'Disinformation' Tyranny Brooks No Debate

Rich Trzupek05 May, 2022 4 Min Read
Meet the new boss, same as the old boss.

To give credit where credit is due, the recent announcement from the White House establishing the “Disinformation Governance Board” as part of the Department of Homeland Security did not actually utilize the terms “Goodthink” or “Ministry of Propaganda.” References to Goebbels appear to have been minimized as well.

It is clear that no one can possibly define what is purported to be potentially harmful “disinformation” unless one has the God-like ability to determine what qualifies as unquestionably truthful information and that this information is being used to reach unquestionably accurate conclusions.
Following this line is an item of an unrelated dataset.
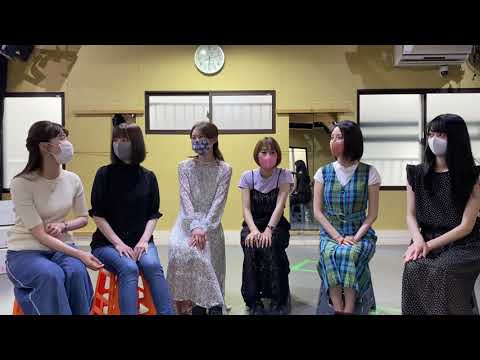 『優、ちょっと』振替公演、決定記念！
That distinction is vital. Any collection of true propositions can be used to defend a flawed conclusion. It is true, for example, that a ball placed on a sloped surface will roll toward the bottom of the slope. It is true that the floor of most everyone’s home is not a sloped surface. It is true that a ball placed on the floor of most everyone’s home will remain in place. One can put those three truths together and conclude that planet earth is flat, not a sphere.

Looks pretty flat to me.

There are indeed people who sincerely believe that planet earth is flat and they use selected facts in a selective manner to buttress their argument. In a free society they are not only able to do so, they should be encouraged to do so. If the folks in power ban any discussion of a flat earth, more than one person is going to wonder why. If this idea is as ludicrous and unscientific as is claimed, why can not any person be allowed to examine the idea and bear witness to its ludicrousness? When a censor insists that something must be covered, it only increases one’s curiosity to discover what's under the cover.

It seems certain that former President Barack Obama has much more to do with this attack on free speech than the current occupant of the White House. President Biden appears as unlikely to create a board whose name includes a five-syllable word as he is to successfully pronounce it.
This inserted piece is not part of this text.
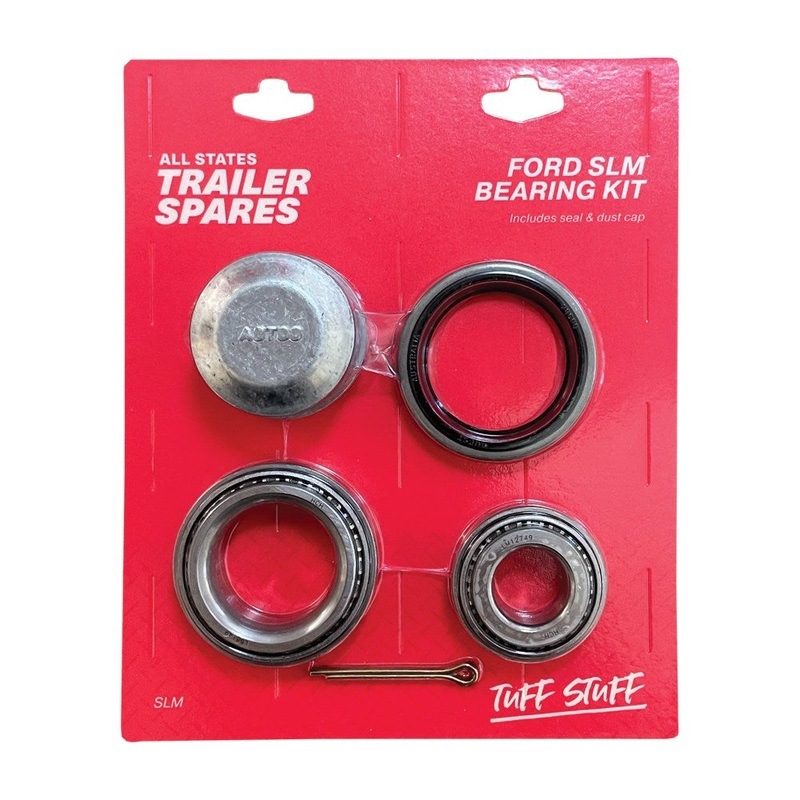 ASTSS SLM Bearing Kit with Seal and Cap – R1961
As part of a speech at Stanford University on April 21, Obama applauded social media platforms for their attempts at censorship. But, he concluded that those platforms do not and can not handle the important work of suppressing opinion by themselves. He claimed that while “…content moderation can limit the distribution of clearly dangerous content, it doesn't go far enough.” Six days later, the Biden administration rolled out the new Ministry of Propaganda. Coincidence? I think not.

Three words stand out in the former president’s statement: “clearly dangerous content.” There is certainly content on the interwebs that is “clearly dangerous” to general acceptance of outdated and fanciful ideas promulgated by the former Organizer in Chief and his party. There are certainly people who are “clearly dangerous” to the continued success of people who want to divide Americans based on appearance and identity and people who want to turn gender into an amorphous idea rather than a biological fact.
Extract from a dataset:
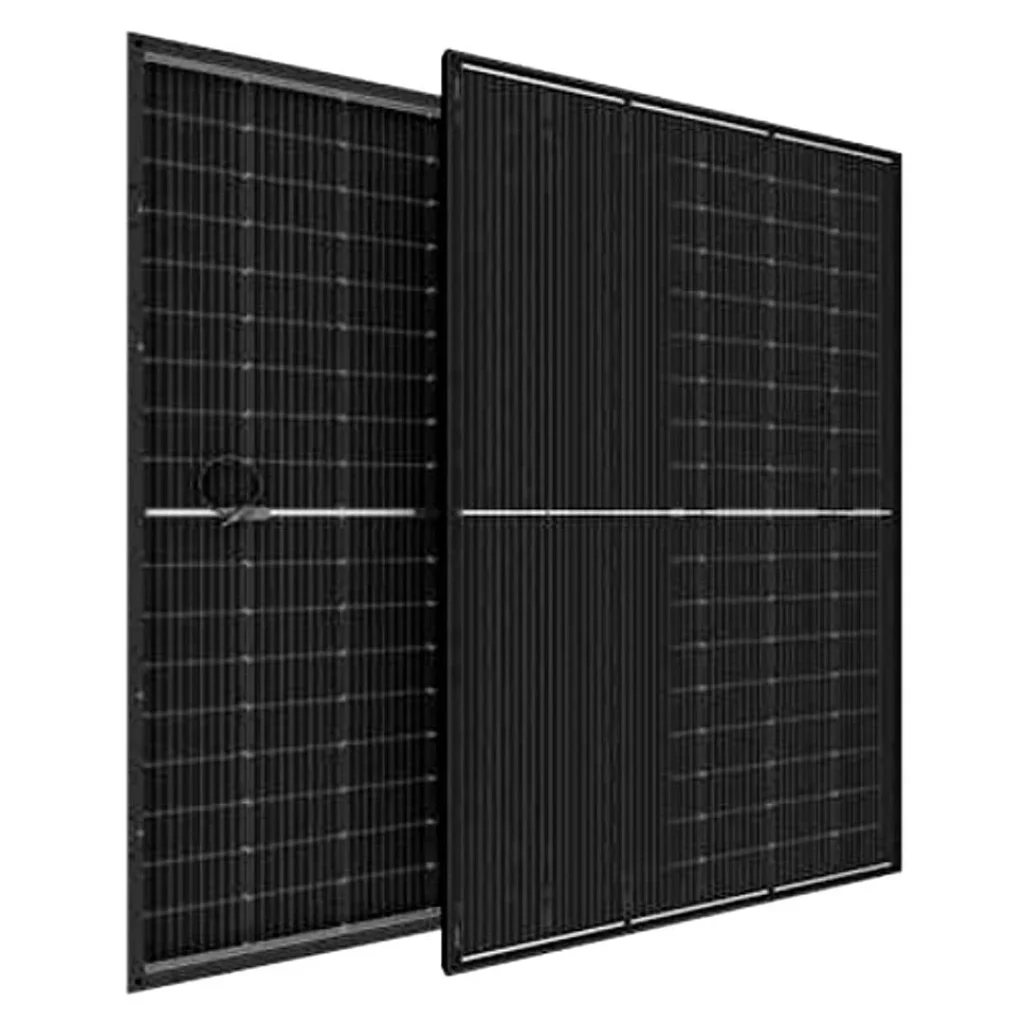 CWT545-144PMB10 545W Solar Panel -31 Panels per pallet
I suppose I myself must be “clearly dangerous” because I don’t believe that climate change is wholly man-made, that we can and should attempt to manipulate the climate, and that the economic and human cost of most of the schemes proposed to limit future use of fossil fuels is far too high a price to pay. One can and should accept the facts that carbon dioxide acts as a greenhouse gas, that mankind is responsible for increasing carbon dioxide concentrations in the atmosphere since the beginning of the industrialized era and that mean global temperatures, which have fluctuated throughout the industrial era, seem to have risen slightly in recent years. None of those facts, which I agree with and with which I am professionally qualified to evaluate, leads me to the conclusion that climate change is entirely man-made and necessarily catastrophic.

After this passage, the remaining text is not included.